#### [WORK TASK]
Would you please copy the part of the material below that opens with the line containing "Mahjong Spirit - Comfort" and closes with the line containing "New Solar Car"? Copy it exactly, and only it.

#### [EXCERPTED RECORDS]
==================================================
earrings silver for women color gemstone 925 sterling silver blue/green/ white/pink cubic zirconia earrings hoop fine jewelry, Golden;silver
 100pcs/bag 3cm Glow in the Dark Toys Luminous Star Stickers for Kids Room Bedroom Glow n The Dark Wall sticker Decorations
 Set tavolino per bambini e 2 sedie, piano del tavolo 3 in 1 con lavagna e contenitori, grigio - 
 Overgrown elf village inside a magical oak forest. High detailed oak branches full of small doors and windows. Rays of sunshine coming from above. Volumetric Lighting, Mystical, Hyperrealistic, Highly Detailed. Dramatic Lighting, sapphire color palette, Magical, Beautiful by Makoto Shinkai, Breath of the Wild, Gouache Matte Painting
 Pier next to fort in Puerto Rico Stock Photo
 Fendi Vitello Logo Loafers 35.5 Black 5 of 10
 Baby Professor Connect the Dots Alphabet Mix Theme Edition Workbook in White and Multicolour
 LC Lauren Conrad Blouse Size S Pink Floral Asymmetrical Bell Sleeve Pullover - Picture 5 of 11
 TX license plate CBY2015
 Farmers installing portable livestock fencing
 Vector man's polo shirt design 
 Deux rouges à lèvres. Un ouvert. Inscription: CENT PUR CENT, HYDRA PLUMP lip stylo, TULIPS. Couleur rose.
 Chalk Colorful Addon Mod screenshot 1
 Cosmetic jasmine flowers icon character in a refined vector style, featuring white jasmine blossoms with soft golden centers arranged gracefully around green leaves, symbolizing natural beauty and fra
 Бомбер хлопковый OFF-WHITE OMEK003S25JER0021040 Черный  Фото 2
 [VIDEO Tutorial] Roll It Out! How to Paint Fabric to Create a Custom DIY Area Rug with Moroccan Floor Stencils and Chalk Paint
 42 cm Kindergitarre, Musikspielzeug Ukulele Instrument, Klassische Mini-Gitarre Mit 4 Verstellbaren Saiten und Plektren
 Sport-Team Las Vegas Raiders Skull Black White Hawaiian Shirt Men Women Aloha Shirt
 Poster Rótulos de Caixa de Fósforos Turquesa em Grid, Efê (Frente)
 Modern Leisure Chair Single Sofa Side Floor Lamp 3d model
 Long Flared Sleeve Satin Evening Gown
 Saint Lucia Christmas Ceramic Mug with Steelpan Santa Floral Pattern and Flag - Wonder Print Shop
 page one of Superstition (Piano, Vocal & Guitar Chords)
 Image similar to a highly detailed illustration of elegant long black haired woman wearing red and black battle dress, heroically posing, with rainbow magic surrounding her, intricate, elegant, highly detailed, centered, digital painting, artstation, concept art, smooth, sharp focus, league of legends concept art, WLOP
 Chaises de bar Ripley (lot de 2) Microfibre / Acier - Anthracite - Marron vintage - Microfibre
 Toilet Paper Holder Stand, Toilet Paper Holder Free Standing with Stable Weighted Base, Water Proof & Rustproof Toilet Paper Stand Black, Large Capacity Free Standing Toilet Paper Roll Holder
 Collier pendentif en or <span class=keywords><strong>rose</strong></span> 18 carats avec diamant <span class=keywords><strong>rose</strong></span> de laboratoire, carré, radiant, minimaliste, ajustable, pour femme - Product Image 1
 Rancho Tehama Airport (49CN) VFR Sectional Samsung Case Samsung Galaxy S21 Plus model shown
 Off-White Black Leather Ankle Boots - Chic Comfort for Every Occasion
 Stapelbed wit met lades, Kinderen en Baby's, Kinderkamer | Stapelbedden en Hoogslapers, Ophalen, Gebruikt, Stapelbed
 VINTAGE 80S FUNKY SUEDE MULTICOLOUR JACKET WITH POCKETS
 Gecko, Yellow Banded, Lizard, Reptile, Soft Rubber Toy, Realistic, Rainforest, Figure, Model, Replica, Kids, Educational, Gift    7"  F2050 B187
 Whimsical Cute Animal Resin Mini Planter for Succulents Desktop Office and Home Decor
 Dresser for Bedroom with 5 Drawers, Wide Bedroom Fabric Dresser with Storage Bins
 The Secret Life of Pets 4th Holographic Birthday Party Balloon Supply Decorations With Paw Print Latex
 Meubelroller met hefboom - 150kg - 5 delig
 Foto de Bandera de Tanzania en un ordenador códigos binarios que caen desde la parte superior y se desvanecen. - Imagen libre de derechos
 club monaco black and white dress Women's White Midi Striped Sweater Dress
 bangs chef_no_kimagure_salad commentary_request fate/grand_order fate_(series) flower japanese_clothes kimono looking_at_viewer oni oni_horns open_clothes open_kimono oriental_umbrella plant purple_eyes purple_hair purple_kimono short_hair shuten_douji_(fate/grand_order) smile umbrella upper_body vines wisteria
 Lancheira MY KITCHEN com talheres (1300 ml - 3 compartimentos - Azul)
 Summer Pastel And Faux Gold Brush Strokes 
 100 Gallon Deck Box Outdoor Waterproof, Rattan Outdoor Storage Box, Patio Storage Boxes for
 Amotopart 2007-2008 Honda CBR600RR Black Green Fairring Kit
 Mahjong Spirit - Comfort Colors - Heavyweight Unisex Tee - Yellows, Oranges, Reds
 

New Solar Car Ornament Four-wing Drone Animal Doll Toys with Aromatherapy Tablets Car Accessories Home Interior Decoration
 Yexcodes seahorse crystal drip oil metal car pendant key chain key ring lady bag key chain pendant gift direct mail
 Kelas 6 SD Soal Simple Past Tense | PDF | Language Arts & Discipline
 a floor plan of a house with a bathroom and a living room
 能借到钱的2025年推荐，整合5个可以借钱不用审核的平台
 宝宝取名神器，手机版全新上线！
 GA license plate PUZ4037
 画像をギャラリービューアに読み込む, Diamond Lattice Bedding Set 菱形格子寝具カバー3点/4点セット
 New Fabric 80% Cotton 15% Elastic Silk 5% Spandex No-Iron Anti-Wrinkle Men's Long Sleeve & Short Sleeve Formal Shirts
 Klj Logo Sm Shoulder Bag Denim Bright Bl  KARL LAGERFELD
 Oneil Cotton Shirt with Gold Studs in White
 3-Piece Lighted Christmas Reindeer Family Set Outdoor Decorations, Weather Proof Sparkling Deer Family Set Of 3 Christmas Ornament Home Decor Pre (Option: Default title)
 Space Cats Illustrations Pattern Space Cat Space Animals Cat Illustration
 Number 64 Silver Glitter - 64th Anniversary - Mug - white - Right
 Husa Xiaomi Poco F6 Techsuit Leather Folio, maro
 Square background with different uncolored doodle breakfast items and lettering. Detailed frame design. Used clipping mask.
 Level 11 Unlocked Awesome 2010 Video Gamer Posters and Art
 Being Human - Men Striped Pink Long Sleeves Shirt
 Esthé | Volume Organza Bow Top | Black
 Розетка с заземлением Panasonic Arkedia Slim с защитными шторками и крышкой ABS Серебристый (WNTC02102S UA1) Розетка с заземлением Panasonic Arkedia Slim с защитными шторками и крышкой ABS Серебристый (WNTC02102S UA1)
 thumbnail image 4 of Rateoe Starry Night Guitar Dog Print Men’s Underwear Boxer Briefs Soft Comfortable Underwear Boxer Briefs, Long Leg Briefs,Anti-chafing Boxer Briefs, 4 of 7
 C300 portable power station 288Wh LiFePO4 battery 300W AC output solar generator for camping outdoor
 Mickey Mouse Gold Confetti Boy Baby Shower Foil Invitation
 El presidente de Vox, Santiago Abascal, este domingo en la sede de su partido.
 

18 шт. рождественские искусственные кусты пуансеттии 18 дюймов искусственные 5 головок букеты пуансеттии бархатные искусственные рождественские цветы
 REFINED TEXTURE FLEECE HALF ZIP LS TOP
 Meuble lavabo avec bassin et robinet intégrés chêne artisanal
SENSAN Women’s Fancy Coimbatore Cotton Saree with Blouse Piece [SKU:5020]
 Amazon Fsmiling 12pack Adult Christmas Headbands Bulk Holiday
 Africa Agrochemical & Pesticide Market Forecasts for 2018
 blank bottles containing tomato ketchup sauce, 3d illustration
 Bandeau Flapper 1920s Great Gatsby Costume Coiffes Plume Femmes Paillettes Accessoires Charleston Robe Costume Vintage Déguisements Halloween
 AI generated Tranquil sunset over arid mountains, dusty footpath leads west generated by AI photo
==================================================
#### [RESULT FOR THIS TASK]
 Mahjong Spirit - Comfort Colors - Heavyweight Unisex Tee - Yellows, Oranges, Reds
 

New Solar Car Ornament Four-wing Drone Animal Doll Toys with Aromatherapy Tablets Car Accessories Home Interior Decoration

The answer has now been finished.